What you are asked to do:
Print out the data exactly, keeping every image out of it.

Data listing:
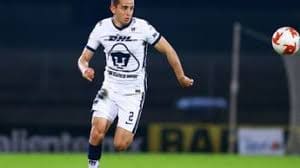 Alan Mozo dejó alma y corazón en la última final que disputó Pumas, convirtiéndose en uno de los jugadores más destacados del Guardianes 2020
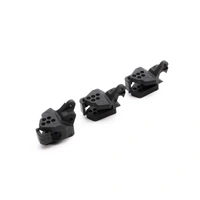 Axial Upper Center Link Mounts, SCX6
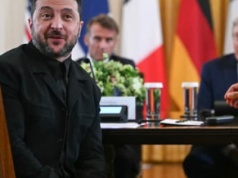 Szczyt w Waszyngtonie przebiega nadspodziewanie gładko. Trump nie obraził jak dotąd nikogo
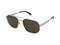 Aurinkolasit Alexander McQueen AM0458S 003 – kuva 1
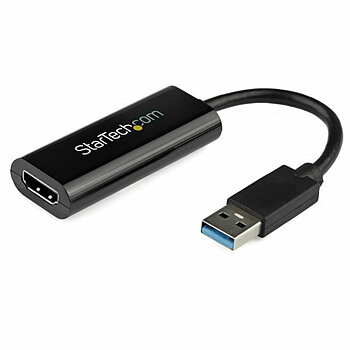 USB 3.0 till HDMI Adapter Startech USB32HDES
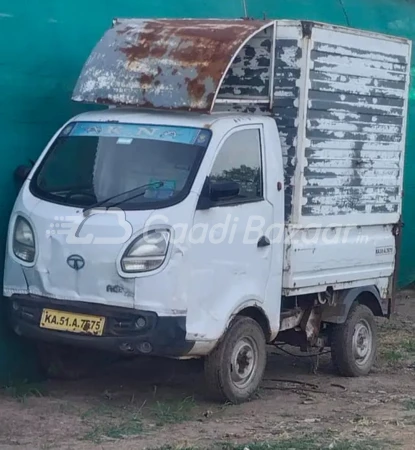 TATA MOTORS Ace Zip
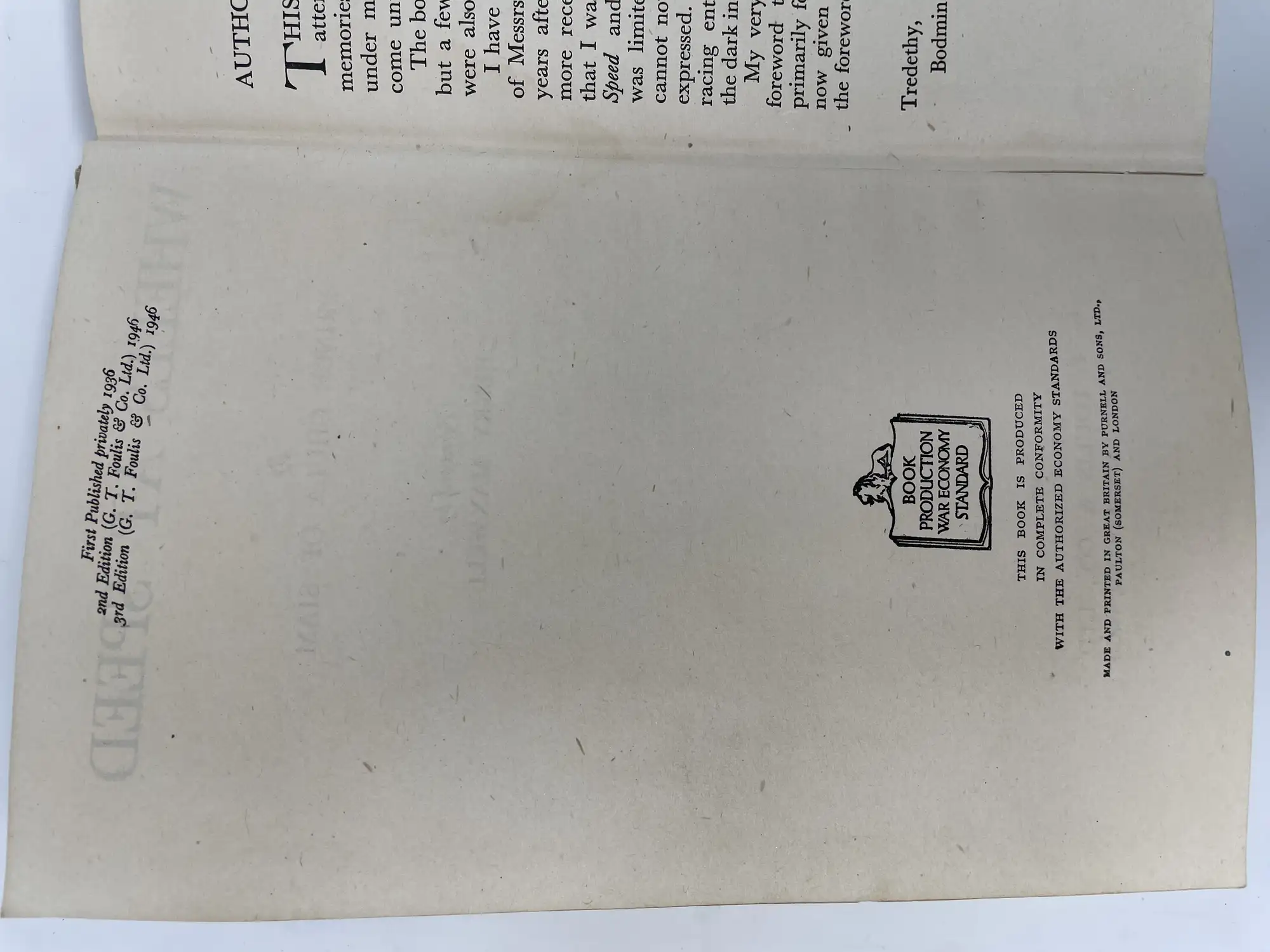 1934d i m s dTig ldM scot.dPlinc dBil dofd i m-Sold    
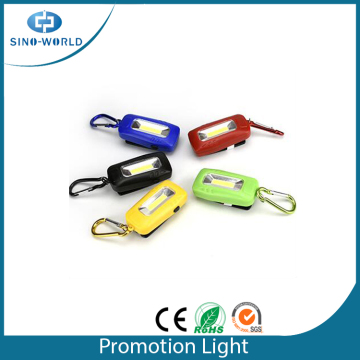 Top Rated Versatile Mini Portable Promotion Light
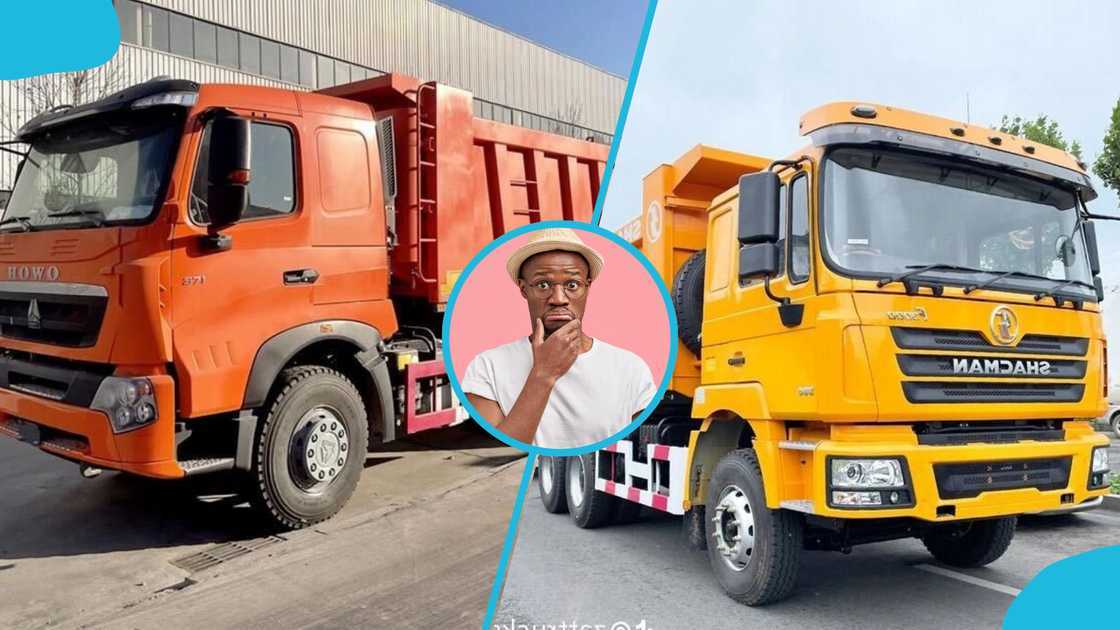Tipper Trucks, Ghana, Cars, Vehicle, Accra, Kumasi Tipper Trucks, Ghana, Cars, Vehicle, Accra, Kumasi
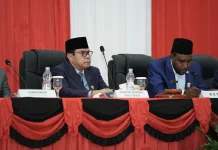 DPR Papua Pegunungan Apresiasi Raihan Opini WTP Pemprov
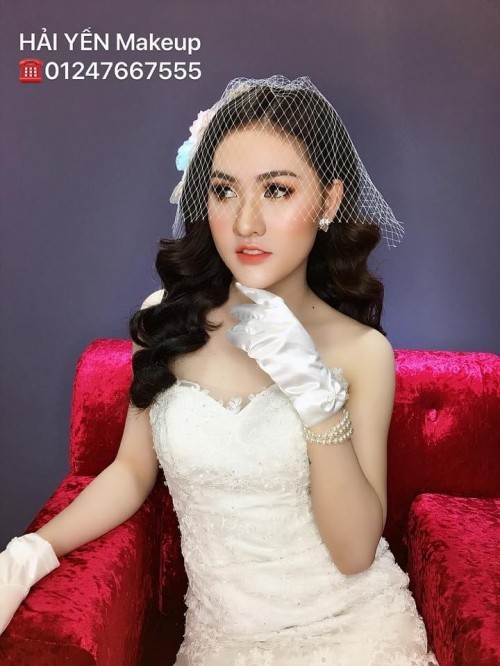 10 địa chỉ dạy make up chuyên nghiệp nhất bình dương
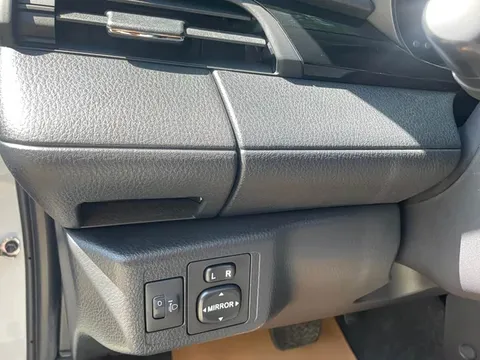 Toyota Yaris, миниатюра 11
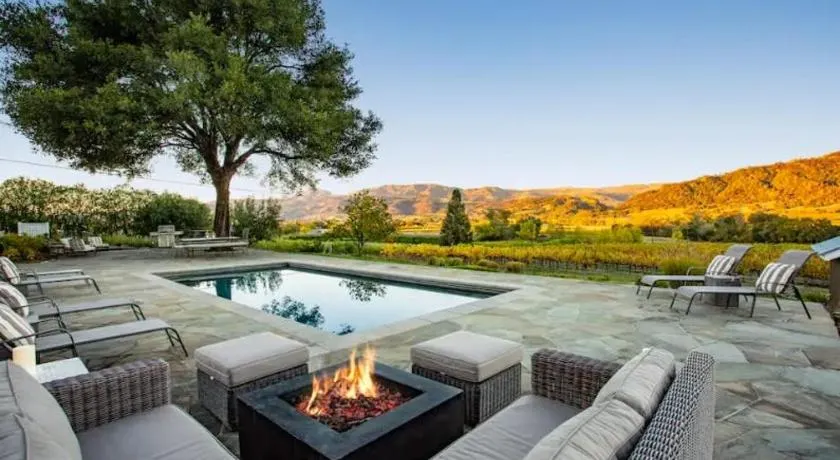 Exclusive Wine Country Estate - The Haven - Image 1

Output of the task:
 Alan Mozo dejó alma y corazón en la última final que disputó Pumas, convirtiéndose en uno de los jugadores más destacados del Guardianes 2020
 Axial Upper Center Link Mounts, SCX6
 Szczyt w Waszyngtonie przebiega nadspodziewanie gładko. Trump nie obraził jak dotąd nikogo
 Aurinkolasit Alexander McQueen AM0458S 003 – kuva 1
 USB 3.0 till HDMI Adapter Startech USB32HDES
 TATA MOTORS Ace Zip
 1934d i m s dTig ldM scot.dPlinc dBil dofd i m-Sold    
 Top Rated Versatile Mini Portable Promotion Light
Tipper Trucks, Ghana, Cars, Vehicle, Accra, Kumasi Tipper Trucks, Ghana, Cars, Vehicle, Accra, Kumasi
 DPR Papua Pegunungan Apresiasi Raihan Opini WTP Pemprov
 10 địa chỉ dạy make up chuyên nghiệp nhất bình dương
 Toyota Yaris, миниатюра 11
 Exclusive Wine Country Estate - The Haven - Image 1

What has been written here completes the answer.